→ Task item: These records contain pictures, which must be left out; copy exactly the lines from the one with "33mm ABS Chrome" up to and including the one with "简述社会主义初级阶段生产要素参与分配的原因。".

→ Source data:
* * *

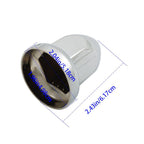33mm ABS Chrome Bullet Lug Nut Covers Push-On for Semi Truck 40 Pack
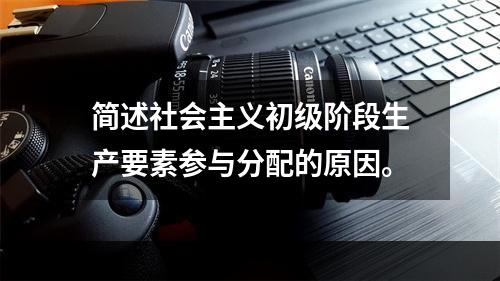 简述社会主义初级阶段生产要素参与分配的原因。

* * *

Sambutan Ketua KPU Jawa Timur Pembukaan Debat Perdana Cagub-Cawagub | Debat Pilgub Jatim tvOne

* * *

→ Output for this task:
33mm ABS Chrome Bullet Lug Nut Covers Push-On for Semi Truck 40 Pack
 简述社会主义初级阶段生产要素参与分配的原因。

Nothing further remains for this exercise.